Drawing on primary sources from both sides of the Atlantic, Britain and the Bomb explores how economic, political, and strategic considerations have shaped British nuclear diplomacy. The book concentrates on Prime Minister Harold Wilson's first two terms of office, 1964-1970, which represent a critical period in international nuclear history. Wilson's commitment to the Non-Proliferation Treaty and his support for continued investment in the British nuclear weapons program, despite serious economic and political challenges, established precedents that still influence policymakers today. The continued independence of Britain's nuclear force, and the enduring absence of a German or European deterrent, certainly owes a debt to Wilson's handling of nuclear diplomacy more than four decades ago. Beyond highlighting the importance of this period, the book explains how and why British nuclear diplomacy evolved during Wilson's leadership. Cabinet discussions, financial crises, and international tensions encouraged a degree of flexibility in the pursuit of strategic independence and the creation of a non-proliferation treaty. Gill shows us that British nuclear diplomacy was a series of compromises, an intricate blend of political, economic, and strategic considerations.
About the author
David James Gill is a lecturer at the University of Nottingham.

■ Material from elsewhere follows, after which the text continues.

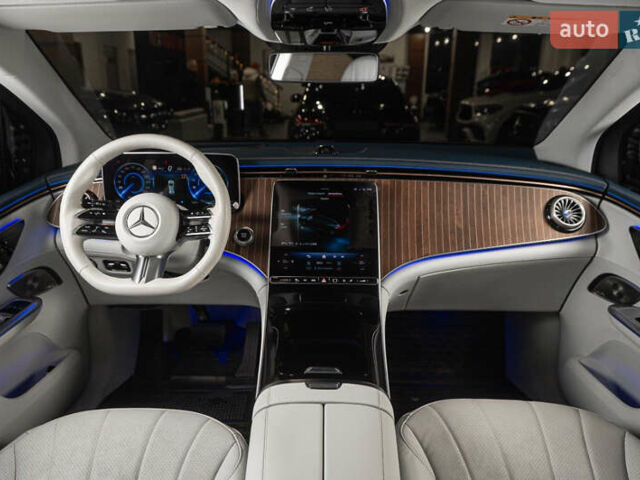 Серый Мерседес EQE, объемом двигателя 0 л и пробегом 27 тыс. км за 53900 $, фото 13 на Automoto.ua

"Based on meticulous archival research in Britain and the United States, the book offers the first comprehensive account of nuclear decision-making under Wilson, in particular with regard to changes in British nuclear diplomacy during these years . . . Gill's study makes an important contribution to the history of British nuclear diplomacy, in particular through its rigorous empirical research."
—Christoph Laucht, War in History
"Gill's analysis of [Harold] Wilson's nuclear policymaking is based on extensive archival research in the U.K. and the U.S., and is backed by copious footnotes. A model of scholarship . . . Recommended."
—S.G. Rabe, CHOICE
"David Gill has written a first-class study of the nuclear diplomacy of the Wilson era which provides significant new insights into the evolution of British policy between 1964 and 1970, particularly in terms of the interrelationship between different strands of policy. The book highlights the complexity and nuanced nature of the nuclear policies pursued and the broader context of economic and political issues, as well as the role of diplomacy and strategy. The book provides a valuable addition to the literature on the subject."
—John Baylis, H-Diplo
"David Gill's book is an original and highly readable account of how Britain pursued its interest in nuclear weapons. Britain and the Bomb is the first to consider the multiple levels involved—economic, military and political—and will quickly become the standard treatment of the subject."
—Michael Goodman, King's College London
"Working with American and British sources, Gill's deeply researched, well-written study explores a key period in the history of nuclear dynamics, both globally and within the United Kingdom. The focus of this compelling study is Prime Minister Harold Wilson, the leader of the Labour Party government when critical nuclear decisions for Great Britain were made."
—Francis J. Gavin, The American Historical Review
"Through Gill's thorough grasp of economics and politics, the six years of Wilson's first government are revealed as a monumental balancing act with Wilson committing to an expensive nuclear deterrent in times of economic crisis....Gill's book is a dense but jargon-free review of the economics of a turbulent time in British history that should serve any academic interested in nuclear or Wilsonian politics and economics."